O conflito das imagens parentais internas, as decisões judiciais, o cuidado misturam-se para Francois. A confusão social e psíquica atinge seu ponto máximo. Como poderia ele iniciar um tratamento, quando a elaboração do traumatismo sofrido supõe a acusação dos pais, autores de abusos, mas também seres amados? Como pode seu sofrimento aparecer-lhe como um sintoma, objeto de cuidado, quando as diferentes formas de violência adulta, internas e externas, são confundidas nesse ponto? À beira da adolescência, Francois estreita suas identificações protetoras, incapaz no momento de aceitar o conflito interno.

O que também é violência é a indicação do tratamento concebido como produto aplicável a diferentes sujeitos. A injunção terapêutica, assimilada aqui a uma prescrição médica ou a um medicamento, é asseguradora num primeiro tempo; os processos psíquicos mobilizados fundam ao contrário uma dinâmica que implica os atores e as posições de modo diverso do retiro ou da des-responsabilização. A família, a instituição, a criança encontram-se então modificados por essas determinantes. Nesses locais de tratamento, a psicoterapia é às vezes colocada assim, como um produto, não considerando a experiência da criança: os mais sãos restabelecem então uma boa medida.

"Victor apresenta problemas de inibição e de elocução: após ter feito, durante muito tempo, tratamento psicomotor e fonoaudiológico, apresenta dificuldades escolares. Em reuniões de equipe, diz-se que 'só lhe falta uma coisa', isto é, uma psicoterapia. Em sua única consulta, Victor dirá ao terapeuta que ele agora quer 'ser normal', isto é, não vir mais ao Centro após todos esses anos."

Essa transformação da indicação de psicoterapia para uma consulta possibilitou a essa criança fechar seu trajeto de tratado. Esta situação indica a contratransferência dos terapeutas e uma derivação institucional possível. Pais, atendentes manifestam atitudes superprotetoras que se tornam dominação. Aqui a violência tem origem no grupo atendente que nega a evolução da criança, fora de seu controle.

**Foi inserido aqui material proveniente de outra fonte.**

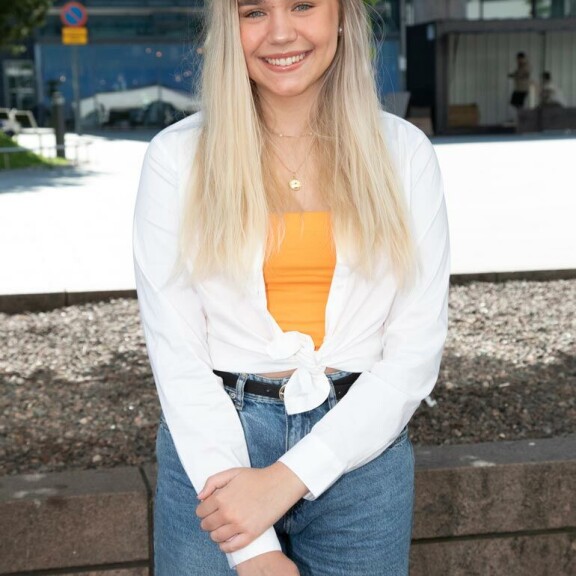 Sisäkatto romahti! Tommi Korpela televisiosta tutun mökkinsä vaurioista: ”Saadaan varmasti kuntoon!” Linnea Skog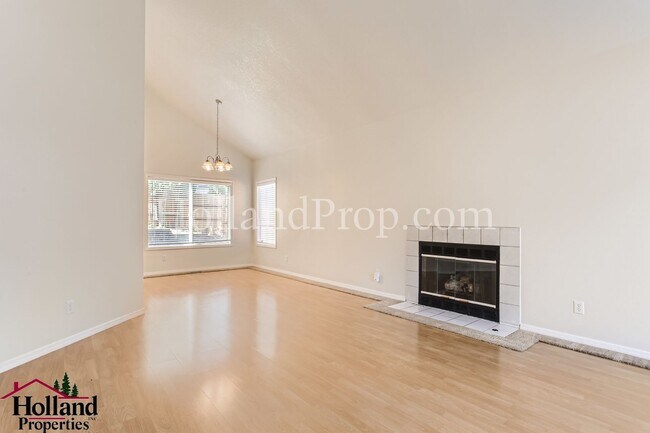 Foto del edificio - Bright & Spacious 4-Bedroom Home – Freshly...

Esses processos mostram duas faces da violência: uma, sofrida, negando o conflito psíquico, repetitiva, e outra, viva, simbolizante.

 

TERAPIA, UM DISPOSITIVO SEPARADOR

Uma outra dimensão simbolizada é a da separação. De fato, se o projeto analítico é conhecido, insiste-se menos sobre os efeitos do dispositivo da cura e de seu quadro. O tratamento institui uma nova separação, violenta, entre a criança e sua família (Pechberty, 1985). Esta distingue-se das experiências anteriores: nascimento do corpo materno, distanciamento da família, socialização pelo grupo dos pares, na escola. O tratamento isola o jovem paciente de seus pais, regularmente e por longo tempo: ela cria uma comunicação em que o íntimo de uma criança diz-se, a um adulto, devotado em ficar fora da família.

O tratamento introduz diversas modalidades de troca entre adultos e terapeuta. O espaço terapêutico traz em si conflitos possíveis: entre a dependência da criança de seus pais e a liberdade encorajada durante as sessões. Mais radicalmente, os adultos vêem-se confrontados à presença do inconsciente em seu filho, e neles mesmos. Os conflitos interiorizam-se: os pais são questionados subjetivamente e em seus laços conjugais, diante de seu filho tornado paciente. Aqui se fundem alguns fenômenos: atitudes pacentais singulares com relação à psicoterapia, mal aceita, confundida durante meses, com "cursos", fantasias na relação criança-terapeuta, passagens ao ato que interrompem brutalmente o tratamento quando os sintomas começam a desaparecer.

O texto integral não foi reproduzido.